■ Work to be completed ■
What is needed is a single figure: how many lines of the records below contain the word "Gray".

Start of Material provided

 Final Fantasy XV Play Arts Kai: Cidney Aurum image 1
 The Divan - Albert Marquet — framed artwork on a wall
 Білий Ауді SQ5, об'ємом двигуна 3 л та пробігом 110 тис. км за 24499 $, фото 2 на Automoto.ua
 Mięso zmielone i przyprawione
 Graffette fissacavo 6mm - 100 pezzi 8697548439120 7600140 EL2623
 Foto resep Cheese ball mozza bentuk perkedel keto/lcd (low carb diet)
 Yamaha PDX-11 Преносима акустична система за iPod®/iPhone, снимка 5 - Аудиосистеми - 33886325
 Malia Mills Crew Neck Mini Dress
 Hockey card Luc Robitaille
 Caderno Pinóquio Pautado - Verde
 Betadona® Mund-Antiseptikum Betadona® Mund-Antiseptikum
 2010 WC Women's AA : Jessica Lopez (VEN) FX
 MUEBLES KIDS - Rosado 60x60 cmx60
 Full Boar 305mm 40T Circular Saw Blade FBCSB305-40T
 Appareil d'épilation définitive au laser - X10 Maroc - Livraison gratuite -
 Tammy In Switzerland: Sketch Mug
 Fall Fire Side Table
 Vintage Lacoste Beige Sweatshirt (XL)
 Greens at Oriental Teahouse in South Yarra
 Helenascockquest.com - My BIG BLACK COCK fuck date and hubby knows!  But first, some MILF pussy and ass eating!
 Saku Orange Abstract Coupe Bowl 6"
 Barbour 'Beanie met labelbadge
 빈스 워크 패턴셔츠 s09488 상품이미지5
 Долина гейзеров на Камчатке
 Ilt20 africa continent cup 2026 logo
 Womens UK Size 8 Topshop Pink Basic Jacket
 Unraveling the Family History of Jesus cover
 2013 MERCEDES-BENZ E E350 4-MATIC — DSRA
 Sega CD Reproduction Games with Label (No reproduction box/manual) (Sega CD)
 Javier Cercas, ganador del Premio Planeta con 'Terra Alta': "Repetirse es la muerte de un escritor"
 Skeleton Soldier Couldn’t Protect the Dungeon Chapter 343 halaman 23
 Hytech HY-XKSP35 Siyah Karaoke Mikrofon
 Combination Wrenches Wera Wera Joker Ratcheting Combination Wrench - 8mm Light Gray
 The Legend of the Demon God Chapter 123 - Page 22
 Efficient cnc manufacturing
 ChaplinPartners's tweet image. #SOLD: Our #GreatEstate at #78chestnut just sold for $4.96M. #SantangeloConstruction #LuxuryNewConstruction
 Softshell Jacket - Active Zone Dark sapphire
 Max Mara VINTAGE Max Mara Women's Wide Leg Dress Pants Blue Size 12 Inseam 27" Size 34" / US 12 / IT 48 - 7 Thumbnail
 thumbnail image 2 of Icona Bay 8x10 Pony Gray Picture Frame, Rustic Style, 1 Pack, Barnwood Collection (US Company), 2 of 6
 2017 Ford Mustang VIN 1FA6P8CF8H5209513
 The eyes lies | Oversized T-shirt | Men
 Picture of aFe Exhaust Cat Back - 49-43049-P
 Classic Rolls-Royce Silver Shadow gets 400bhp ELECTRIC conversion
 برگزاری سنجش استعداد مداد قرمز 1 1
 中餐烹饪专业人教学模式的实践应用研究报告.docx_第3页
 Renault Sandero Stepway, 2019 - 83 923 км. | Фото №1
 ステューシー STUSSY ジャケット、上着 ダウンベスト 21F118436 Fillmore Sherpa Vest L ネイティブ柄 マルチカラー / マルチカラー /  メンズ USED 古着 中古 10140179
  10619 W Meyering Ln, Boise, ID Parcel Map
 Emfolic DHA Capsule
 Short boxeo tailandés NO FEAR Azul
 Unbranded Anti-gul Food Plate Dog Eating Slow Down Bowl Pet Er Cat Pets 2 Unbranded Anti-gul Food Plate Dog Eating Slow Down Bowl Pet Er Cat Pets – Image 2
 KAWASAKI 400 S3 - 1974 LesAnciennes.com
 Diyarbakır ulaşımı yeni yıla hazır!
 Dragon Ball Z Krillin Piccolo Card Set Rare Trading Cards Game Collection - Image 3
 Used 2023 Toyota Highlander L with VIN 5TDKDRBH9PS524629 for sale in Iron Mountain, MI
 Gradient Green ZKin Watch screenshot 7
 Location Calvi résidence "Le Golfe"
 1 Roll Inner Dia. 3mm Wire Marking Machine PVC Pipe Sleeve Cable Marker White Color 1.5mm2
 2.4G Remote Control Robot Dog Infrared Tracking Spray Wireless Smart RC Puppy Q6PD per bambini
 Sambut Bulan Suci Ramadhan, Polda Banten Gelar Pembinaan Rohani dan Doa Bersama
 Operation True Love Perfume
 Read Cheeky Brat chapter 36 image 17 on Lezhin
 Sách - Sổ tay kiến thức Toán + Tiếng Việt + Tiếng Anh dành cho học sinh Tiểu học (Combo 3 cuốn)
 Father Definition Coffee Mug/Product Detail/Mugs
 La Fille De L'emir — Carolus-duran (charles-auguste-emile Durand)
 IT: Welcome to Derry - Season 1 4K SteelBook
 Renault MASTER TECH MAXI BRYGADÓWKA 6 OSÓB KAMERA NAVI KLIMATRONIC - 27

End of Material provided

■ Your response ■
2